El venue también cuenta con espacios únicos como una capilla consagrada para ceremonias religiosas que, dicho sea de paso es muy hermosa, y diferentes áreas que permiten diseñar una celebración con múltiples ambientes, desde la bienvenida de los invitados hasta la fiesta.

Una boda también se recuerda por lo que se sirve en la mesa
En Hacienda Santo Cristo la gastronomía ocupa un lugar tan importante como la arquitectura. Más que un servicio de banquetes, la cocina forma parte de la identidad del lugar y convierte cada celebración en una experiencia culinaria.

Al frente de esta propuesta se encuentra el chef ejecutivo Cristofher Mendoza Gámez, cuya trayectoria supera las dos décadas y contempla algunas de las cocinas más reconocidas de México y España. Su filosofía gira alrededor del respeto por el producto local y la reinterpretación de los ingredientes del Valle de Atlixco desde una mirada contemporánea.
Dentro de la propiedad conviven dos conceptos gastronómicos que reflejan esa visión. La Troje de Santo Cristo rescata la tradición culinaria de las antiguas haciendas mexicanas con una propuesta que rinde homenaje a la cocina regional, incorporando ingredientes locales y técnicas contemporáneas para crear platillos llenos de identidad. Algunos días hacen noche de velas: un espacio romántico con un menú especial, música en vivo, platones de queso y una amplia carta de vinos.

Por su parte, Madre Tierra ofrece una experiencia diferente, centrada en una cocina fresca, saludable y de temporada, donde las frutas, verduras y productos provenientes del fértil Valle de Atlixco son los protagonistas de un menú pensado para disfrutar sin prisas.

El spa es otro de los imperdibles y presta atención al toque de los cuencos tibetanos que se tocan todos los días en la mañana. Reserven espacio para la alberca y disfruten del café con un pan recién horneado en la cafetería de la entrada.

Mucho más que un venue: una experiencia de fin de semana
Uno de los mayores atractivos de Hacienda Santo Cristo es que permite vivir una verdadera boda destino sin alejarse demasiado de la Ciudad de México. Ubicada a poco más de dos horas por carretera, facilita la logística para familiares y amigos, al tiempo que ofrece la posibilidad de extender la celebración durante todo un fin de semana.
Atlixco, el Pueblo Mágico que completa la experiencia
Reconocido como Pueblo Mágico, Atlixco cautiva por su clima privilegiado durante gran parte del año, razón por la que también es conocido como la ciudad de las flores. Sus calles adornadas con bugambilias, viveros, plazas y edificios históricos invitan a recorrerlo sin prisa.

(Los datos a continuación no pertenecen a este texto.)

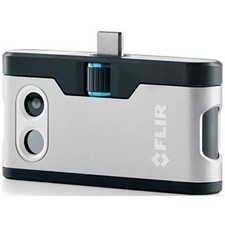 FLIR One Gen 3 - USB-C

Antes o después de la boda, los invitados pueden caminar por el centro histórico, visitar el Ex Convento del Carmen, disfrutar de las terrazas y cafeterías con vista al zócalo, subir al mirador del Cerro de San Miguel o descubrir la extraordinaria tradición florícola que ha convertido a Atlixco en uno de los principales productores de plantas ornamentales del país.

La experiencia también cambia con las estaciones. Durante el verano, el destino se convierte en uno de los mejores lugares para disfrutar del tradicional chile en nogada elaborado con ingredientes de la región, mientras que en invierno la Villa Iluminada transforma sus calles en un recorrido lleno de luz y color que atrae a visitantes de todo México.